With the discovery of many iron deposits throughout China, iron technology also increased significantly. This technology became so well-developed that the Chinese knew how to produce cast iron a full millennium before the same technique of producing cast iron was discovered in Europe. The Zhou cities also developed and became administrative and religious centers where it was also possible to find skilled craftsman. Public amusements were held, as well, in the city.
The Zhou dynasty contributed much for literature. It was one of the first dynasties to start collecting books including some famous works such as Chou-li (meaning Chou Rituals), which is a description of how the early Chou government was organized and the conduct of a gentleman. Another famous work is the Book of Documents, which is a history of the Chou dynasty.
The resulting effect that these achievements had on the Ch'in dynasty was that the Ch'ins were did not build on these achievements. It abolished feudalism and promoted a centralized government. It was able to use the agricultural techniques efficiently. However, the first notorious ruler of the Ch'in dynasty had harsh laws and did not tolerate criticism. He only allowed knowledge that was taught by the government, executed many scholars by burying them alive, and he burnt many books, except the ones that were "important" such as those discussing the topic of agriculture. He did not tolerate any criticism and tried to stop any potential threat to his government. He did this by even trying to attack the concept of family. This was done by implementing a tax on those families that had more than one mature son. He also tried to break families apart by bringing persons that were not related by blood into a group or a "family".

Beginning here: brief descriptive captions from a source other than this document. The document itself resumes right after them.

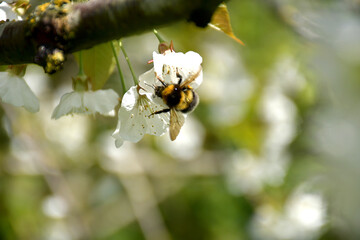 Bourdon et fleurs de cerisier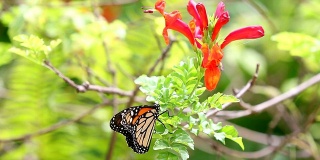 带有热带花HD的叶子上的帝王蝶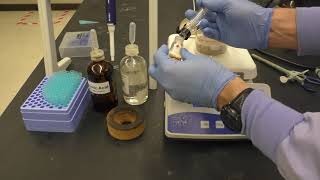 EAS Synthesis of Acetylferrocene Experiment S21 [upl. by Eibot]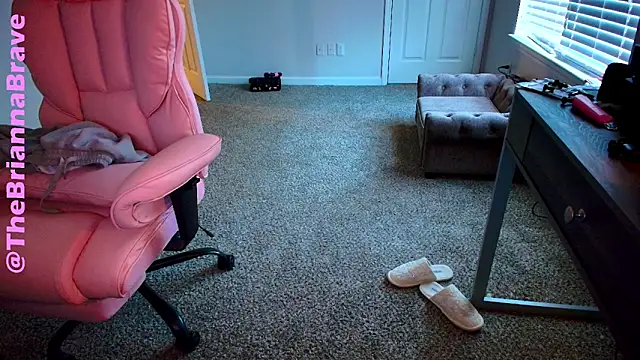 BriannaBrave's cam snapshot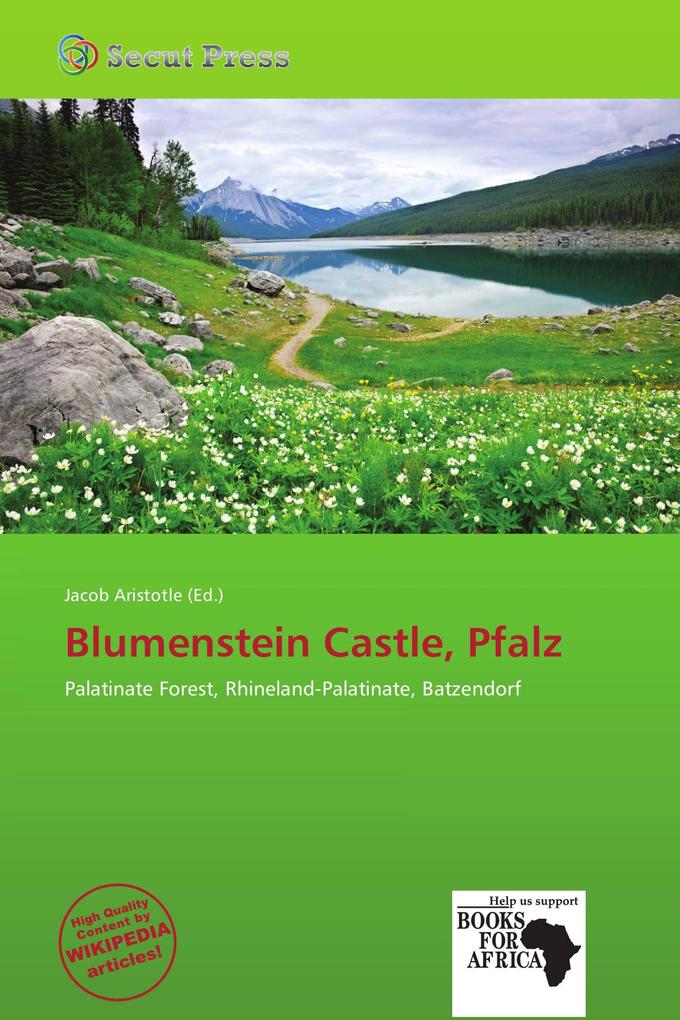 Blumenstein Castle Pfalz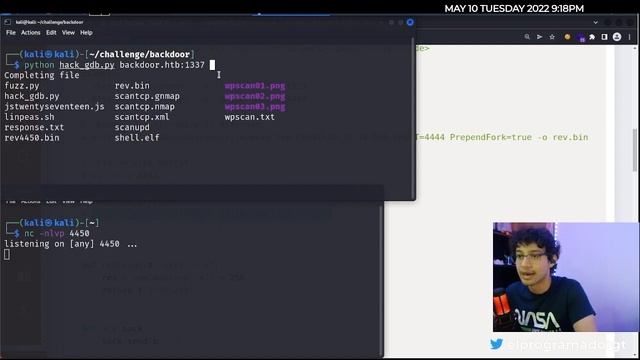 Máquina Backdoor HTB (Wordpress, GDBServer, LFI to RCE) смотреть онлайн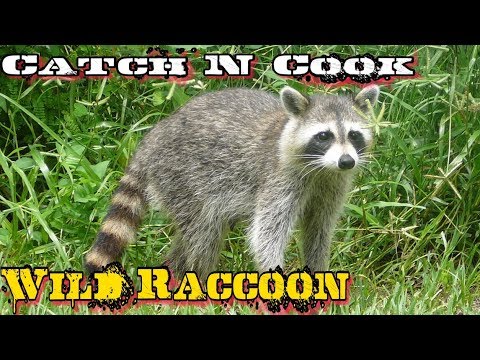 Catch N Cook Raccoon Slow Cooked over Open Fire!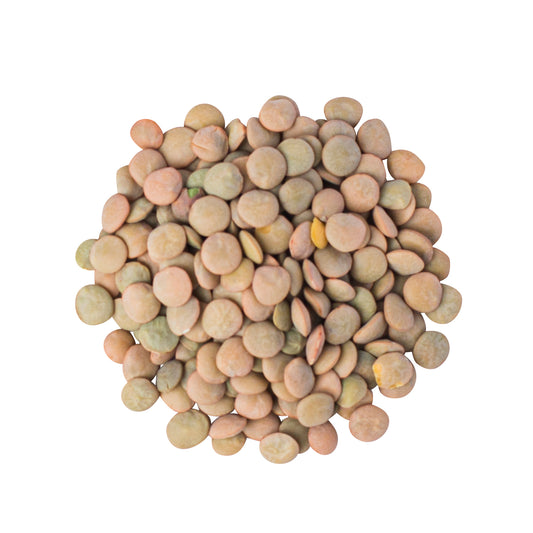 Lentils Green Blonde Organic - 25kg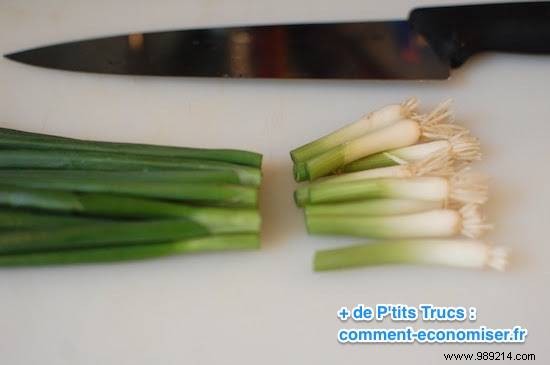 Regrow Spring Onions Endlessly in Water: Never Buy Chives Again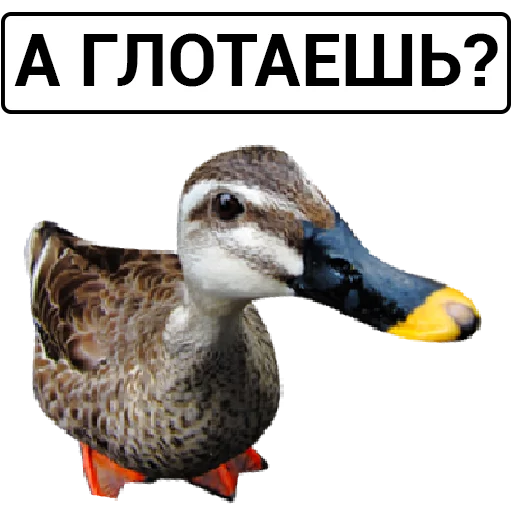 Telegram stiker «Злая утка» 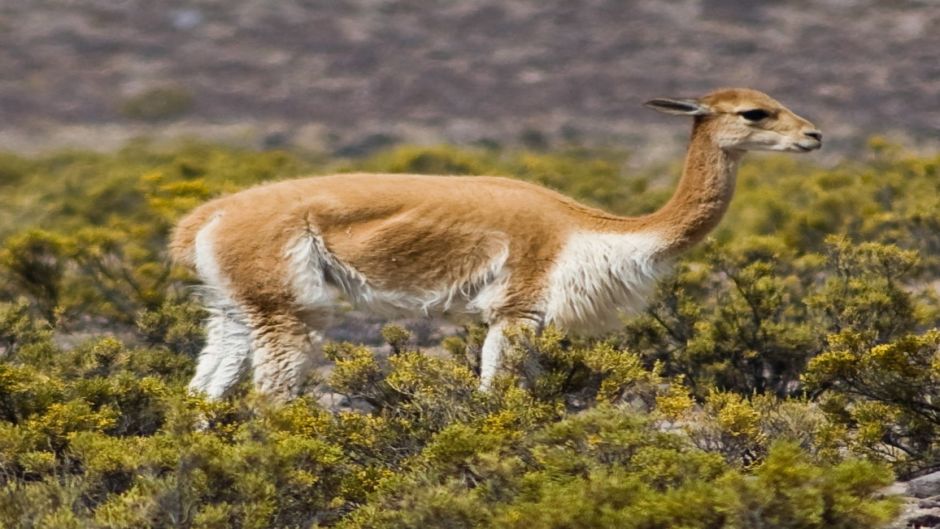 Vicuña, Guia de Fauna. RutaChile.   - 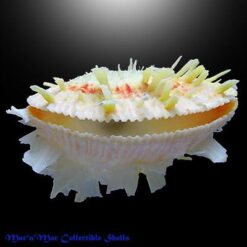 Spondylus ictericus Reeve, 1856 - Imagem 2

A dynasty that did build on the achievements of the Zhou dynasty was the Tang. The Tang built upon the Zhou's accomplishments by having huge cities that were the center of administration, religion, and trade. In addition, during the Tang dynasty, paper was invented as well as the book printing. This invention of book printing also encouraged literacy and helped to increase the Tang renaissance "which reached its highest expression in poetry." 1
A Christian perspective on the Zhou dynasty is that they were excellent since they were able to excel in being efficient with their land and water resources. They also were able to develop their God-given resources. However, they were not a Christian dynasty. They believed Heaven was their god, which is wrong from a Biblical perspective "Do no worship any other god, for the Lord, whose name is Jealous, is a jealous God." (Exodus 34:17, NIV). Although the Zhou dynasty was able to achieve great things, they were unable to fully discover the one true God.
This essay has discussed the Zhou dynasty and has done this by discussing the overthrow of the Shang dynasty, what their following dynasties, Ch'in and Tang, and the Christian perspective on the Zhou dynasty.